According to the applicable legal standard, all allegations contained in Plaintiff's Amended Complaint are taken as true for purposes of determining the instant Motion to Dismiss. See Tamayo,526 F.3d at 1081. As such, the facts relevant to Plaintiff's claims are as follows. From July 1, 2007 through June 30, 2010, Plaintiff was employed as Principal of Fieldcrest Elementary. (Doc. 13-1 at 4). In addition to administrative duties, she taught special education classes for the first two years, and provided intervention as needed for the third year. (Doc. 13-1 at

5). Plaintiff was the only female administrator employed in the Fieldcrest School District ("the District") during that time. (Doc. 13-1 at 5).

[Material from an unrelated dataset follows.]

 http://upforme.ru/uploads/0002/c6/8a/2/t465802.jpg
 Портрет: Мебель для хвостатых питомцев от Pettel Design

When she became Principal, Fieldcrest Elementary had been without a full-time principal for several years. (Doc. 13-1 at 5). During that time period, Fieldcrest Elementary staff members became unsatisfied with their working conditions and were uncooperative. (Doc. 13-1 at 5). During Plaintiff's employment, the District did not provide her with health benefits, which were paid to the male principals, because of benefits she was receiving from her spouse's employment. (Doc. 13-1 at 6). Additionally, Plaintiff's salary was less than Mr. Demay (Principal at Fieldcrest West) and Mr. Lapp (Principal at Fieldcrest High School), but was more than Mr. Roberts (Principal at Fieldcrest East). (Doc. 13-1 at 6).

On July 6, 2009, Superintendent Vincent informed Plaintiff that she would receive a 1% increase whereas the other principals received an average of a 4% increase. (Doc. 13-1 at 7). Prior to that time, Plaintiff had been involved in numerous discussions about her performance and her inability to resolve the growing number of conflicts among the staff members at Fieldcrest Elementary (Doc. 13-1 at 7-8). By March 30, 2010 the Fieldcrest Community Unit School Board ("School Board") had decided not to renew Plaintiff's employment contract after Superintendent Vincent recommended her non-renewal. (Doc. 13-1 at 8).

Defendants assert that Plaintiff's claims should be dismissed because Plaintiff has failed to adequately state a claim upon which relief can be granted for unequal pay. (Doc. 21 at 2). Additionally, Defendants argue that Plaintiff's retaliation claims under Title VII and the IHRA should be dismissed because the alleged protected conduct cannot have motivated what she alleges to be a retaliatory discharge, because the decision not to rehire her was made prior to the alleged protected conduct. (Doc. 21 at 2). Plaintiff's state law discriminatory pay and retaliatory discharge claims should also be dismissed for the same reasons that her federal claims should be dismissed. (Doc. 21 at 2). Furthermore, Plaintiff's retaliation claim under the Illinois Whistleblower Act, 740 ILCS 174/1, should be dismissed because such a claim is preempted by the IHRA, 775 ILCS 5/1-102 and because the Whistleblower Act provides Plaintiff no remedy based on the facts alleged in the Amended Complaint. (Doc. 21 at 2).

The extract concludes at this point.